I just got my blood drawn today and my Alkaline Phosphatase is continuing to rise, now 89. One month ago it was 68 and 3 months before that it was 61. I'm just wondering if this is significant or have others had these kinds of fluctuations. Just a little concerned. My last PSA a month ago was .33, but we know that doesn't always tell the whole story.
Alkaline Phosphatase going up is gett... - Advanced Prostate...

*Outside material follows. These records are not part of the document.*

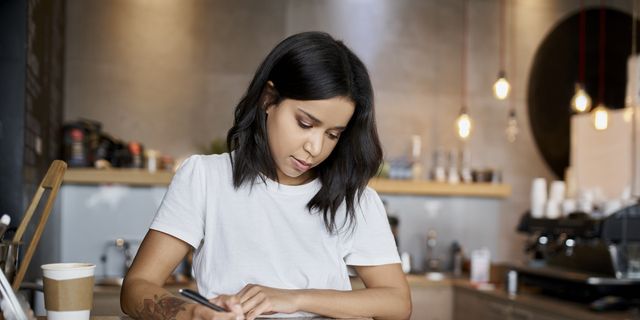 Female cafe owner signing papers calculating business expenses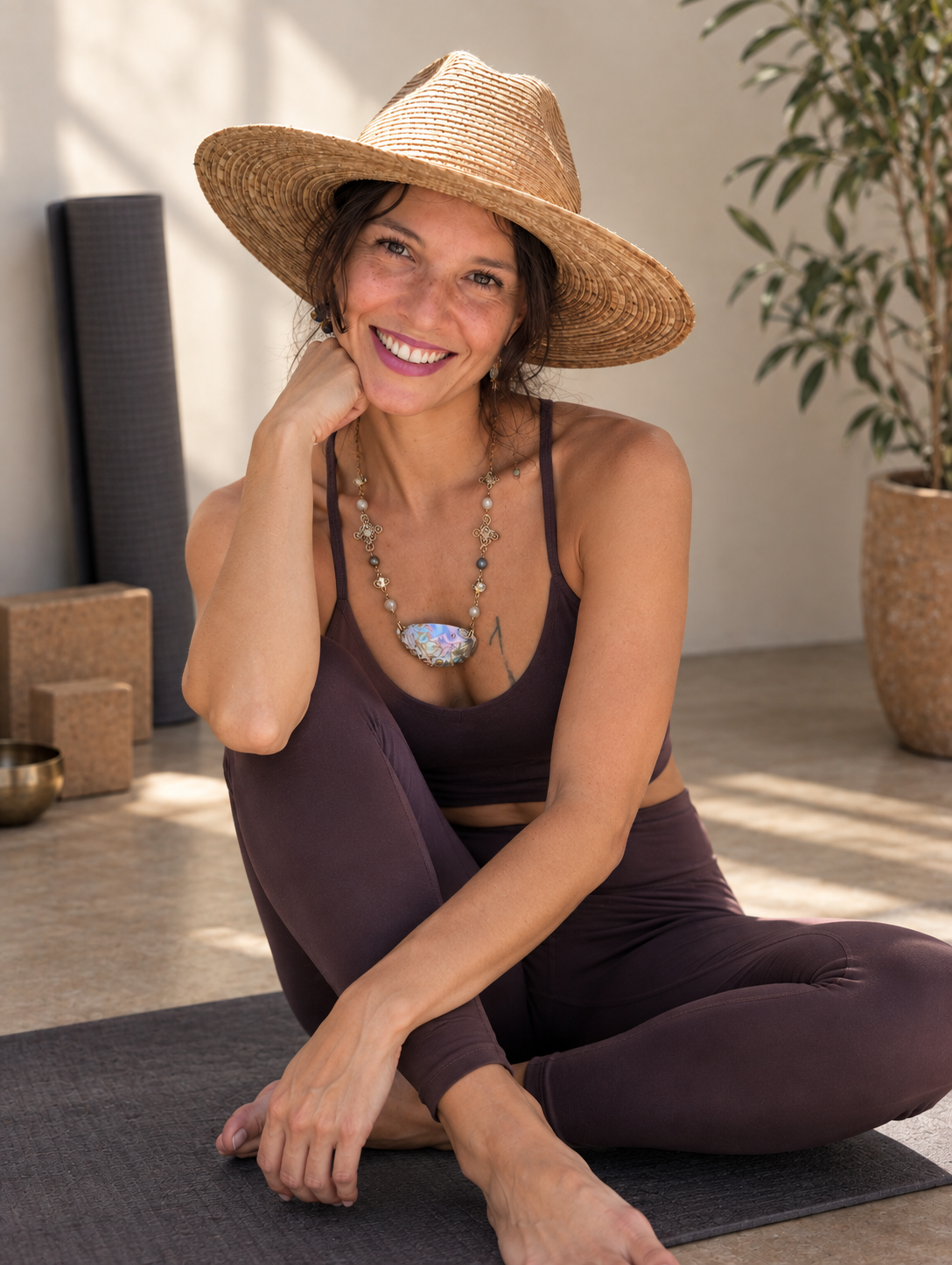 Karina Cordoba smiling warmly in a straw hat, seated on her yoga mat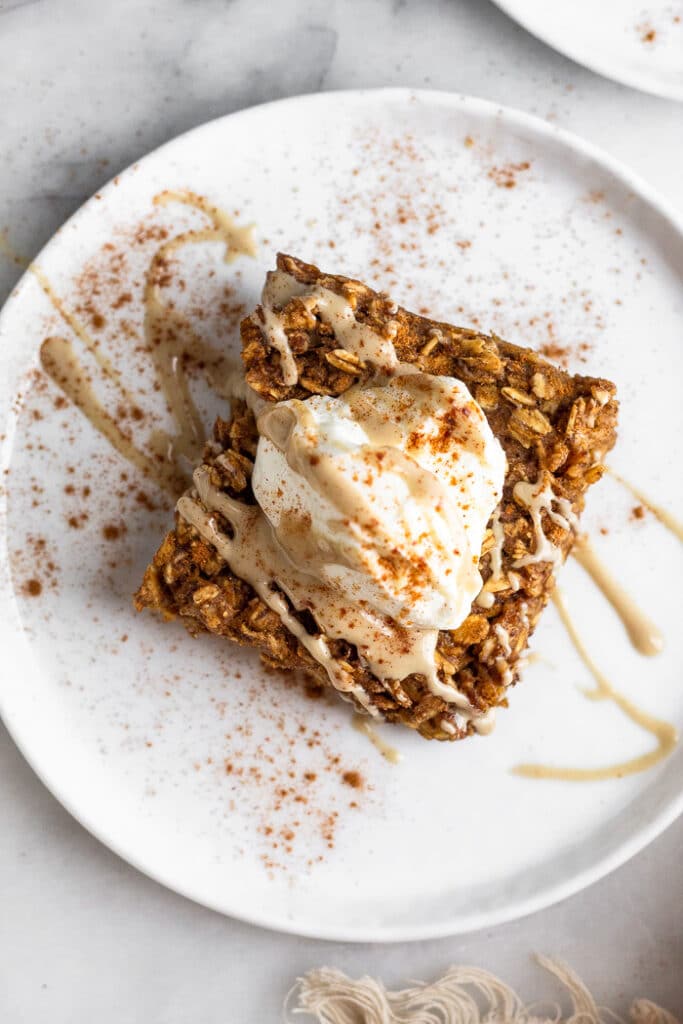 Overhead shot of a baked oatmeal bar on a plate topped with yogurt, nut butter, and cinnamon.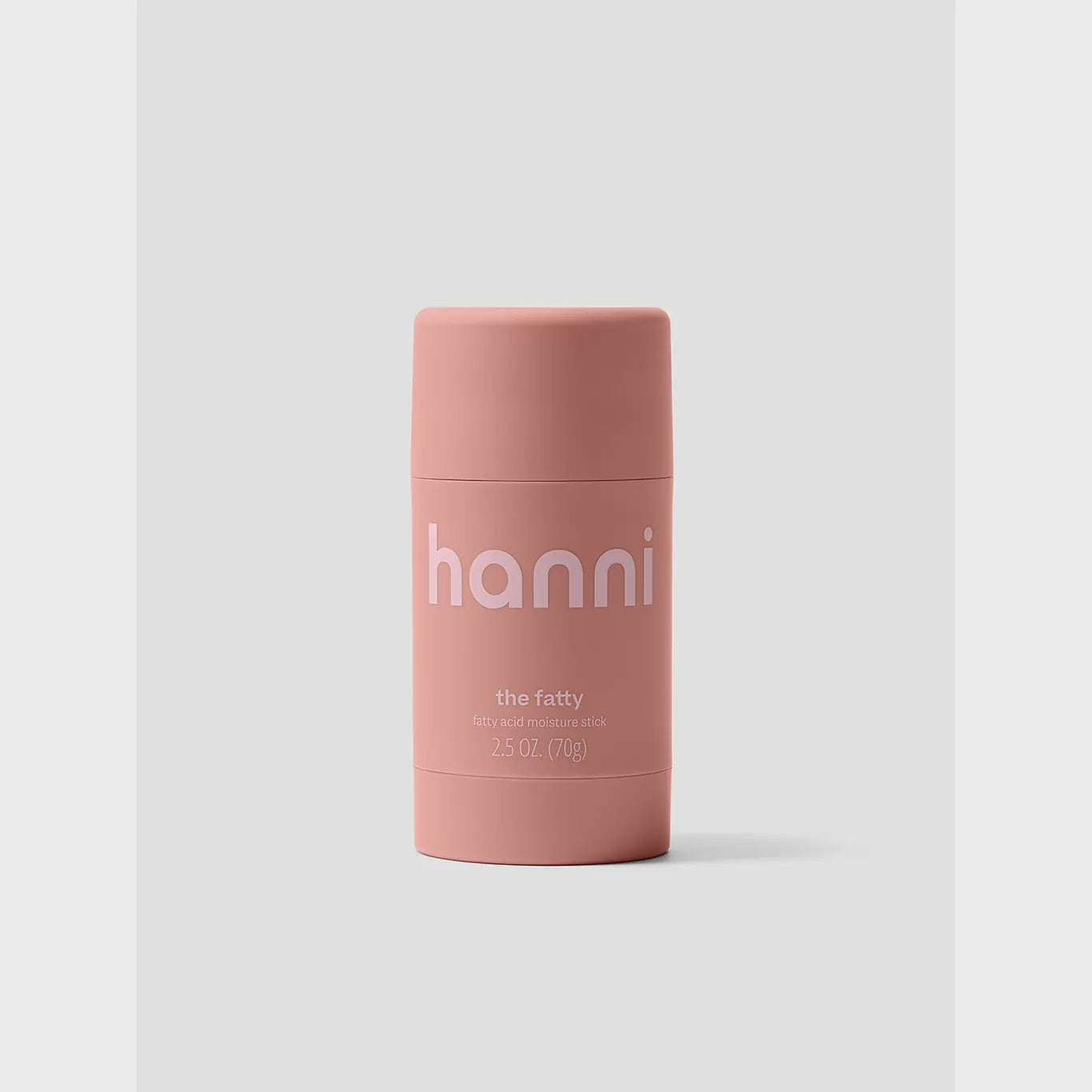 Against a light gray background is a pink cylindrical container labeled "Hanni The Fatty" by Faire, shave and moisture stick, 2.5 oz (70g). It's perfect for sensitive skin, enriched with Omega 3 and 6 fatty acids to enhance skin repair.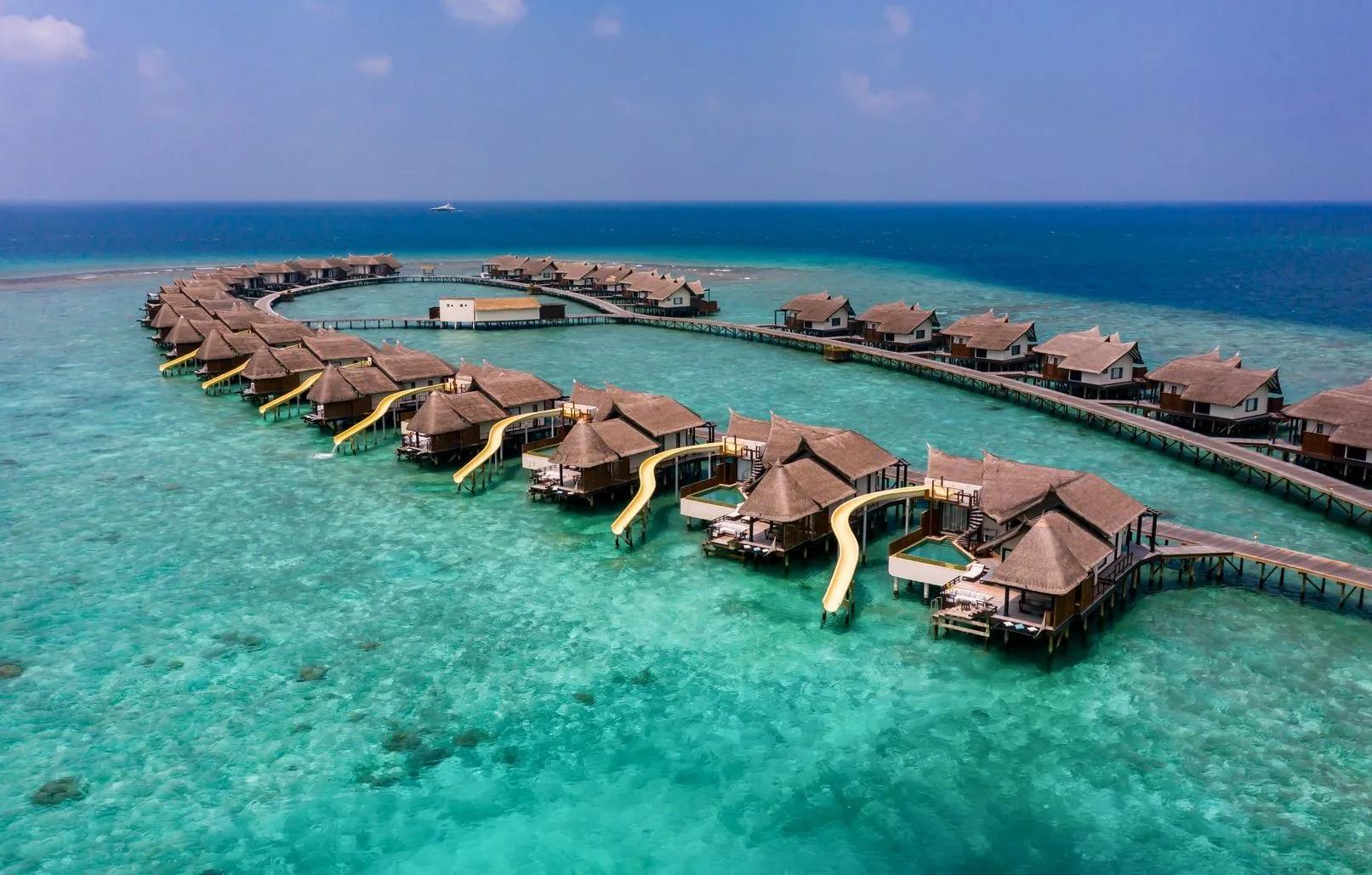 Aerial view of OZEN Reserve Bolifushi's overwater villas curving into the lagoon, each with a yellow slide running from the deck into the water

Alkaline Phosphatase going up is getting me worried
That’s still well within normal range. I wouldn’t worry too much
It's an important liver enzyme, and your doctor should be concerned about the rise - he/she didn't say anything?
I sent an e-mail asking, haven't heard back yet.
The normal range is 44 to 147. It's doing the jumping bean thing. More than likely the rise is from the half of cow you ate for Christmas dinner. Now chill and stop freaking out about every little thing. You have bigger fish to fry than this. Just remember that today is the tomorrow you worried about yesterday. Now breath and think cool, calm thoughts. I'm sure your liver is fine.
Thanks. I'm having a bad day and the blood test results didn't help.
Just remember and believe that every day we have is a good day. Granted some days are better than other days, but certainly if we wake up, then its a good day.
Yes I agree.
We also have to allow ourselves the freedom to occasionally express the negative emotions of sadness, dissapointment, anxiety, fear etc. Otherwise we end up burying these which is not healthy. It's easy to do that because everyone likes and encourages a positive attitude at all times. Sometimes I end up giving a "performance" for others because I don't want to let them down by sharing how I truly feel in the moment.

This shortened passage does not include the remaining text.